TASK BRIEF
Exclude all pictures, then write out exactly the lines below from the first one through the line with "Wall lamp with".

DATA EXTRACT
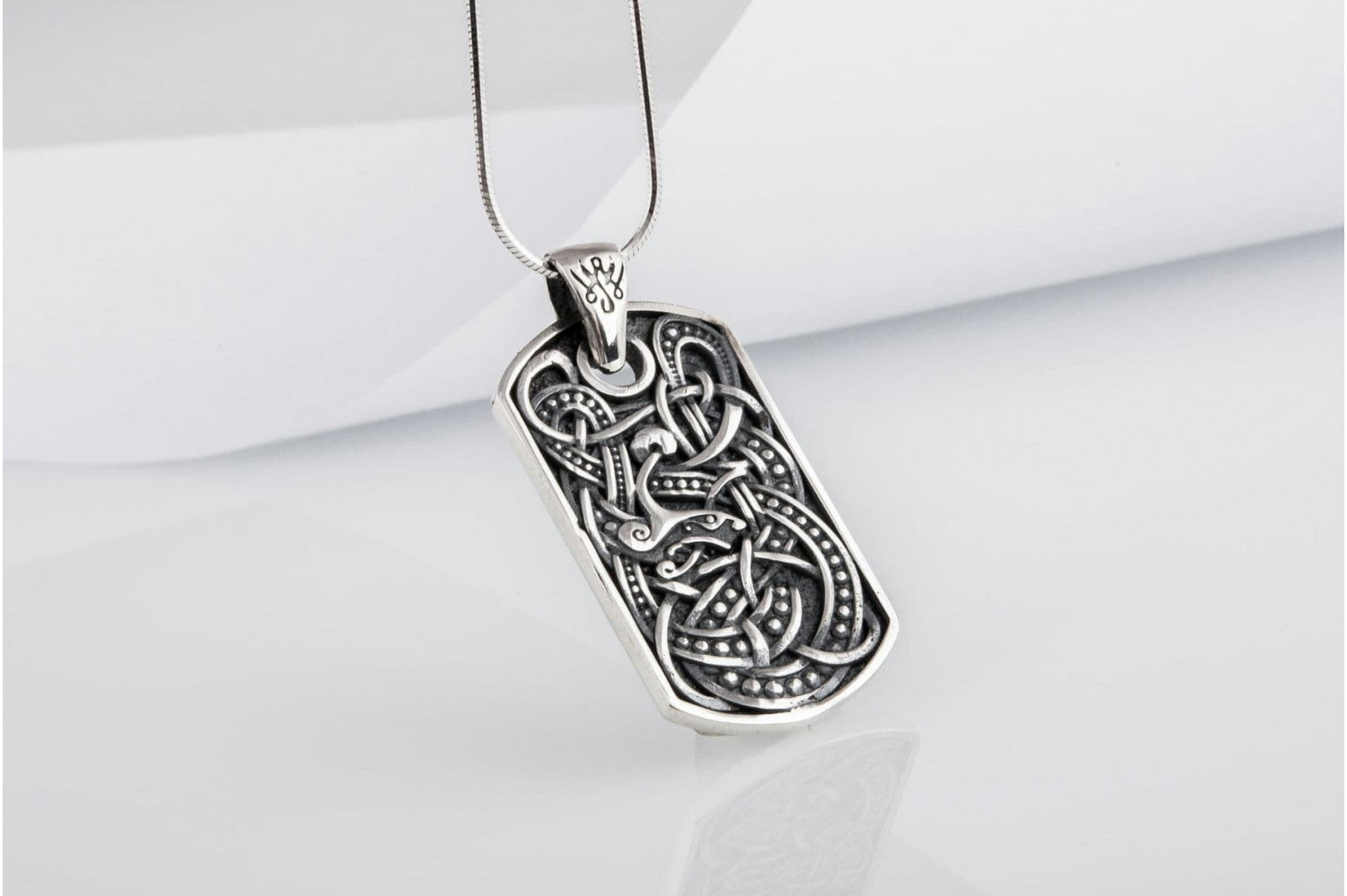 Viking Ornament Pendant Sterling Silver Norse Handcrafted Jewelry - vikingworkshop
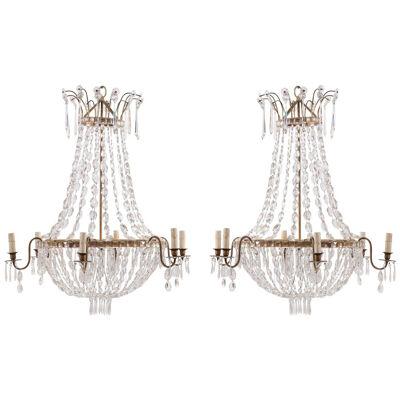 Empire-Style Crystal Chandeliers from France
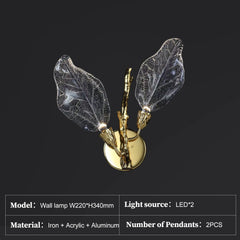 Wall lamp with leaf design on a black background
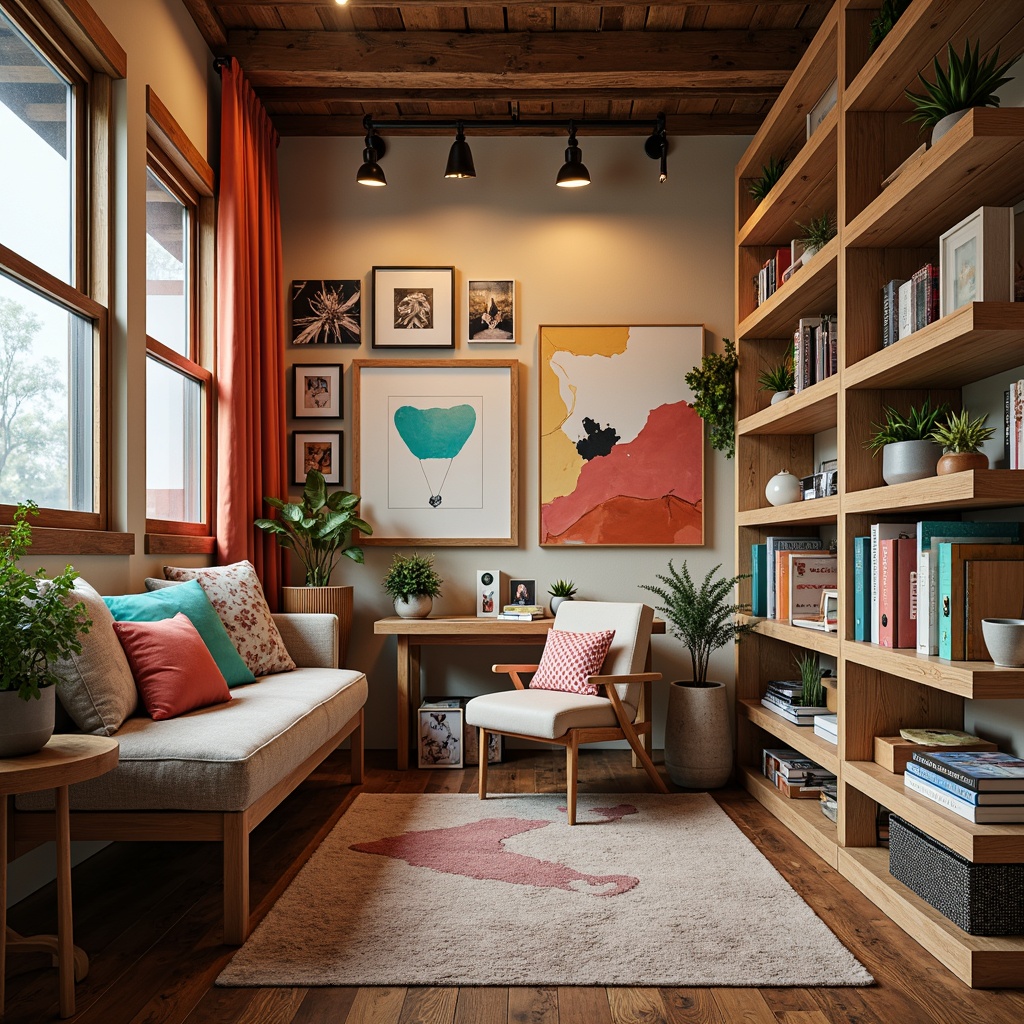 Prompt: Vibrant art studio, warm beige walls, rich wood accents, eclectic artwork, cozy reading nook, plush throw pillows, natural fiber rugs, calming turquoise hues, soothing lavender shades, creamy white highlights, bold coral pops, rustic wooden shelves, industrial metal lighting, soft ambient glow, 1/2 composition, intimate atmosphere, realistic textures, subtle grain effects.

RESPONSE BELOW
 Viking Ornament Pendant Sterling Silver Norse Handcrafted Jewelry - vikingworkshop
 Empire-Style Crystal Chandeliers from France
 Wall lamp with leaf design on a black background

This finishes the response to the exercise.